* INFORMATION:
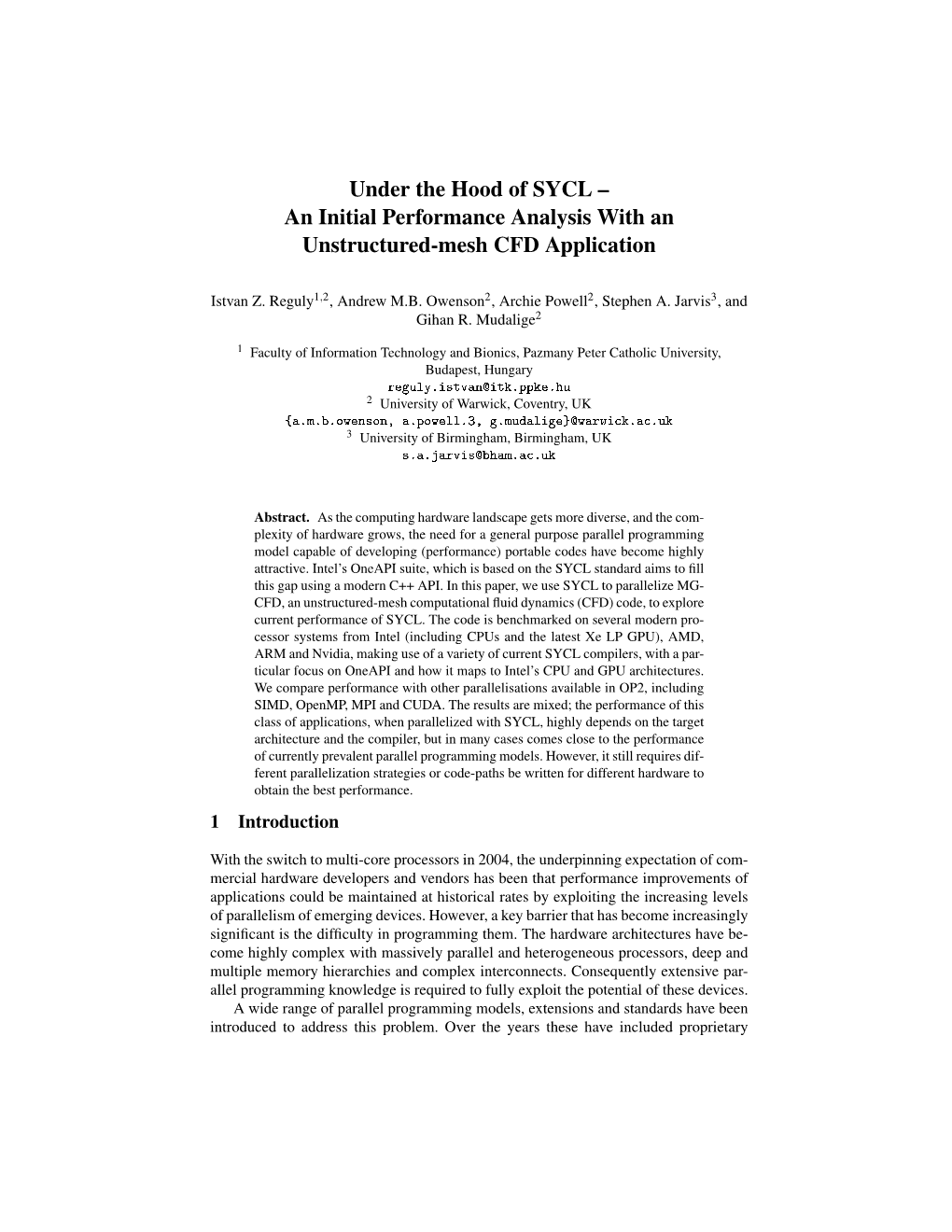 Under the Hood of SYCL – an Initial Performance Analysis with an Unstructured-Mesh CFD Application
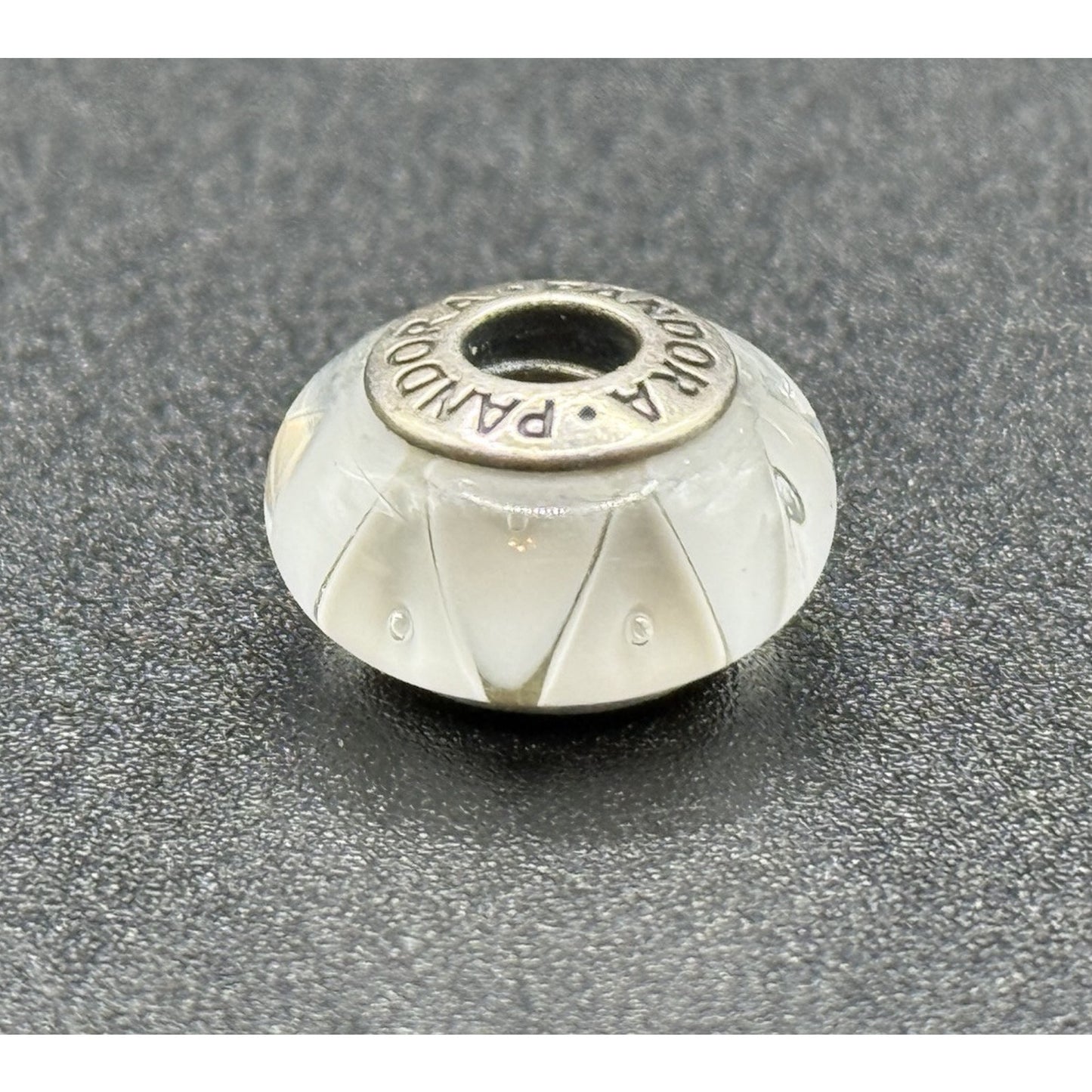 Pandora Sterling Silver White Murano Glass Charm ALE P13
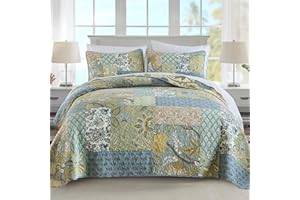 NEWLAKE Quilt Set Queen Size, 100% Cotton Patchwork Green Bohemian Quilt Sets, Reversible Bedspread Lightweight and Breathable for All Seasons, Soft Quilted Bedspread with 2 Pillow Shams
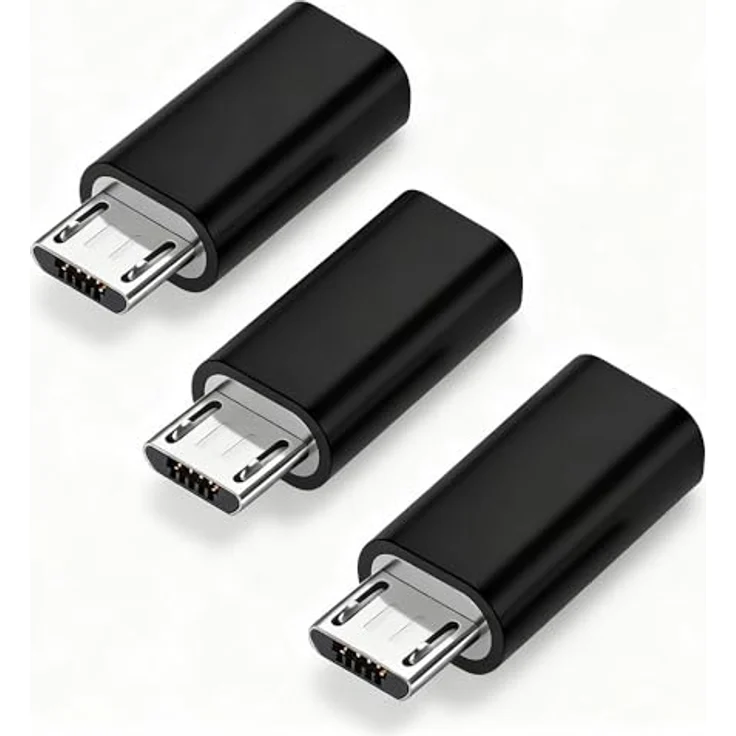 JBSTK USB-C auf Micro USB Adapter, 3 Stück, Schnellladung bis QC 3.0, Schwarz – Bild 3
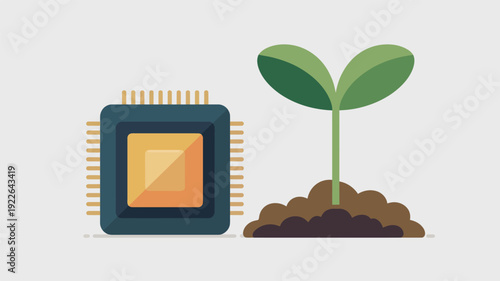 Microchip and Seedling Growth Concept Artwork.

* WHAT YOU SHOULD DO: Transcribe the lines above exactly, beginning at the one with "NEWLAKE Quilt Set" and ending at the one with "JBSTK USB-C auf". Include both; exclude the pictures.

* SOLUTION TO THE EXERCISE:
 NEWLAKE Quilt Set Queen Size, 100% Cotton Patchwork Green Bohemian Quilt Sets, Reversible Bedspread Lightweight and Breathable for All Seasons, Soft Quilted Bedspread with 2 Pillow Shams
 JBSTK USB-C auf Micro USB Adapter, 3 Stück, Schnellladung bis QC 3.0, Schwarz – Bild 3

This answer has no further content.